I need to prepare for a math exam, however I haven't looked at anything resembling an equation in 10 years. I would appreciate any help you can provide, as I have lots of catch-up to do.

$\displaystyle ^{n+3} C _{n}~-~^{n+2} C _{n-1}~=~15(n+1)$

How can I find n?

Probably I should use Newton's binomial, but I can't figure out how.

2. Originally Posted by avorenus
I need to prepare for a math exam, however I haven't looked at anything resembling an equation in 10 years. I would appreciate any help you can provide, as I have lots of catch-up to do.
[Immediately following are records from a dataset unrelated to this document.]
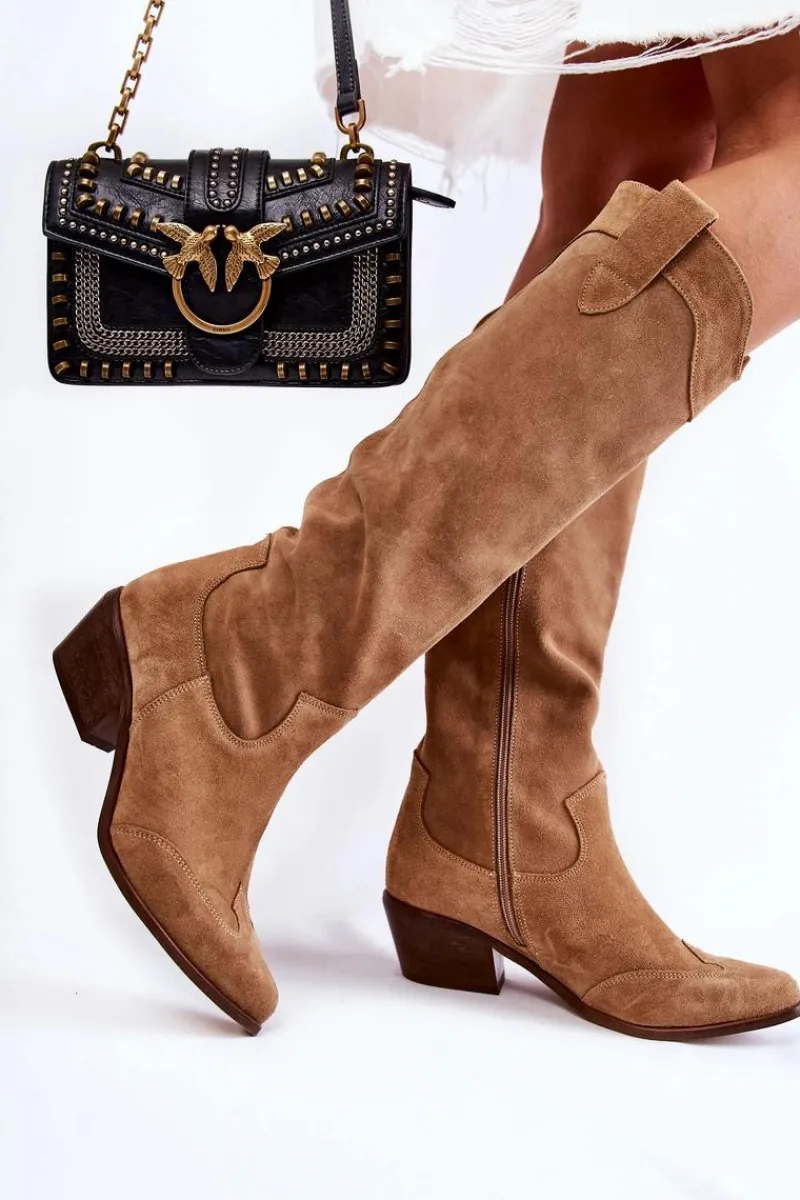 Discount Damskie Kozaki Na Obcasie Lewski Shoes 3235 Beżowe Damskie Kozaki Wiosenne|Kozaki Przed Kolano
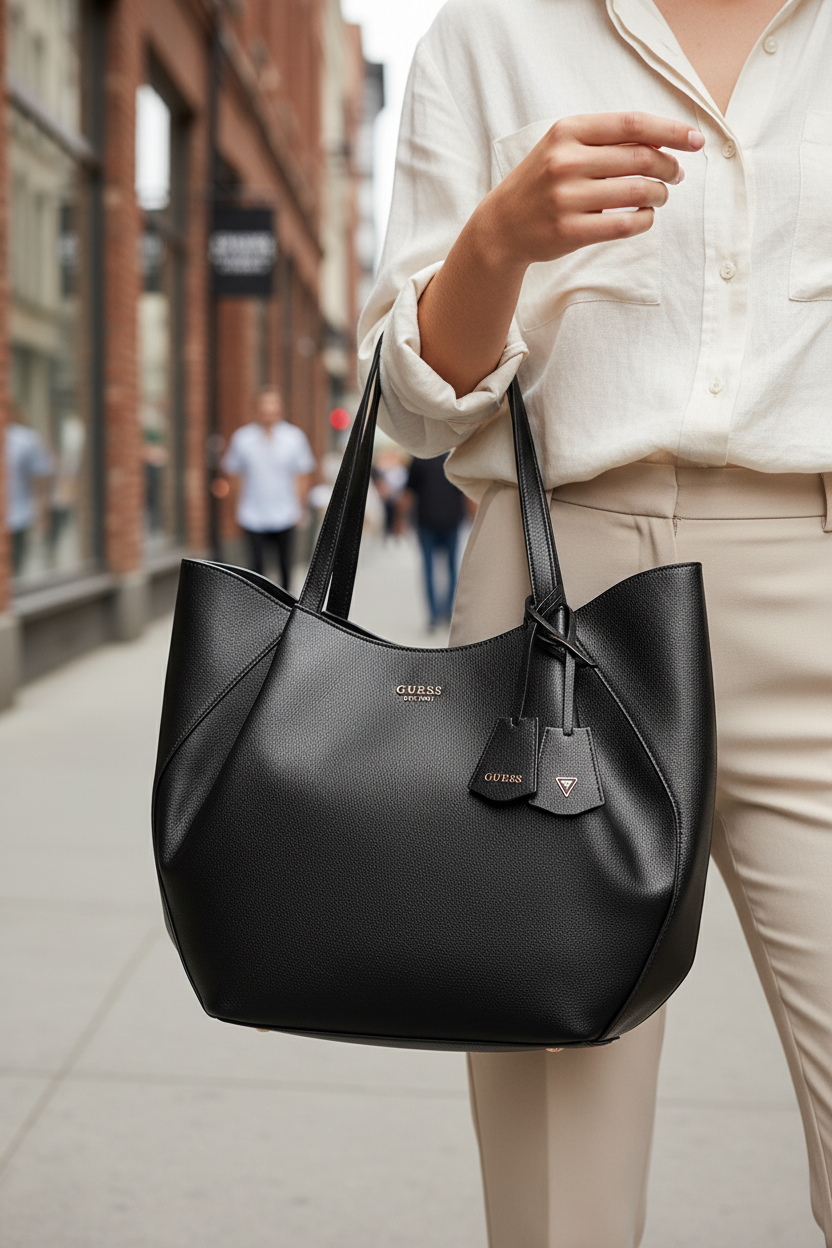 Guess Jeans Nero Poliuretano Women Handbag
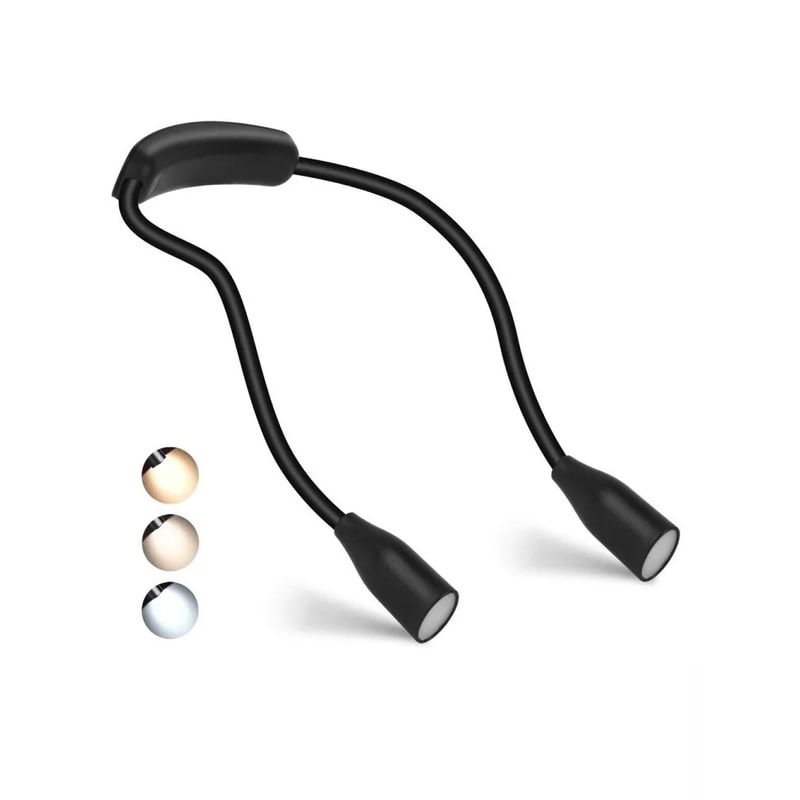 LED Neck Reading Lamp Flexible Book Light For Reading Study Nighttime Use 0
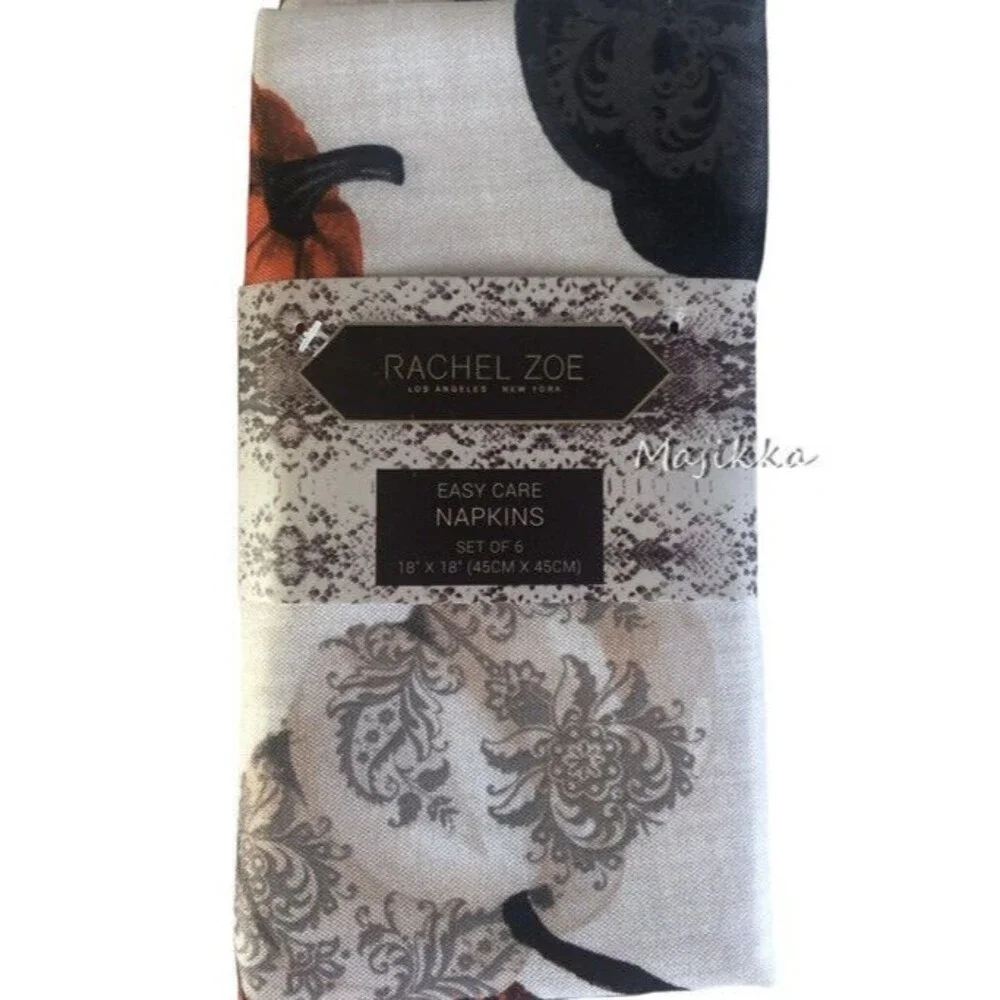 Rachel Zoe Halloween Pumpkins Napkins Easy Care Thanksgiving 18X18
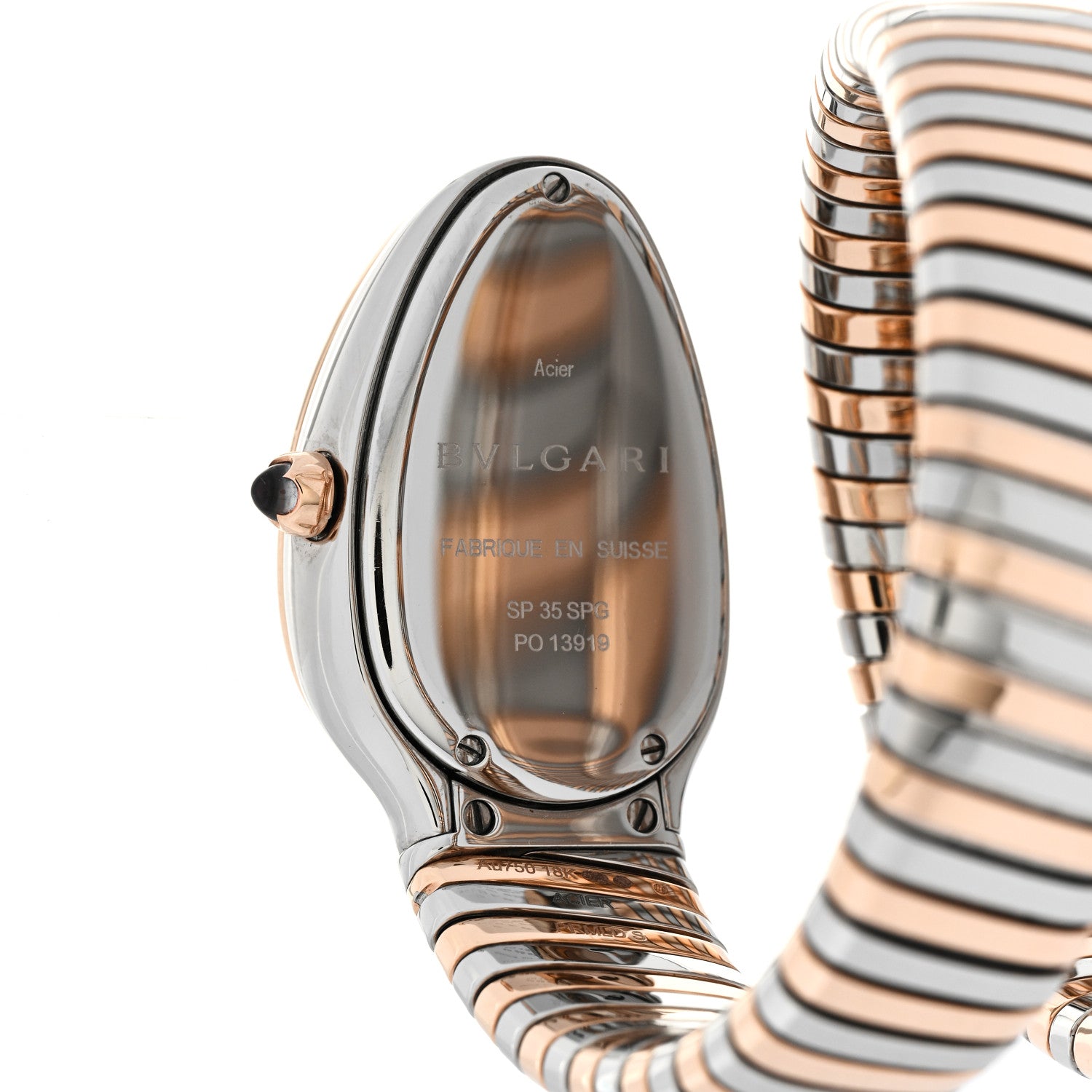 Bulgari Stainless Steel 18K Rose Gold Diamond Bezel 35mm Serpenti Tubogas Double Spiral Quartz Watch Black 4 of 5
$\displaystyle ^{n+3} C _{n}~-~^{n+2} C _{n-1}~=~15(n+1)$

How can I find n?

Probably I should use Newton's binomial, but I can't figure out how.
The first thing you need to know is that $\displaystyle ^nC_r = {}^nC_{n-r}$. One way of seeing this is to notice that choosing r objects out of n amounts to the same thing as (not) choosing the remaining n–r objects. Algebraically, both numbers are given by the same formula $\displaystyle \frac{n!}{r!(n-r)!}$.

So $\displaystyle ^{n+3} C _{n} - {}^{n+2} C _{n-1} = {}^{n+3} C _{3} - {}^{n+2} C _{3}$, and your equation becomes

$\displaystyle \frac{(n+3)(n+2)(n+1)}6 - \frac{(n+2)(n+1)n}6 = 15(n+1)$.

Cancel the factor n+1 that occurs in each term, multiply out what's left, and you'll get a simple equation for n.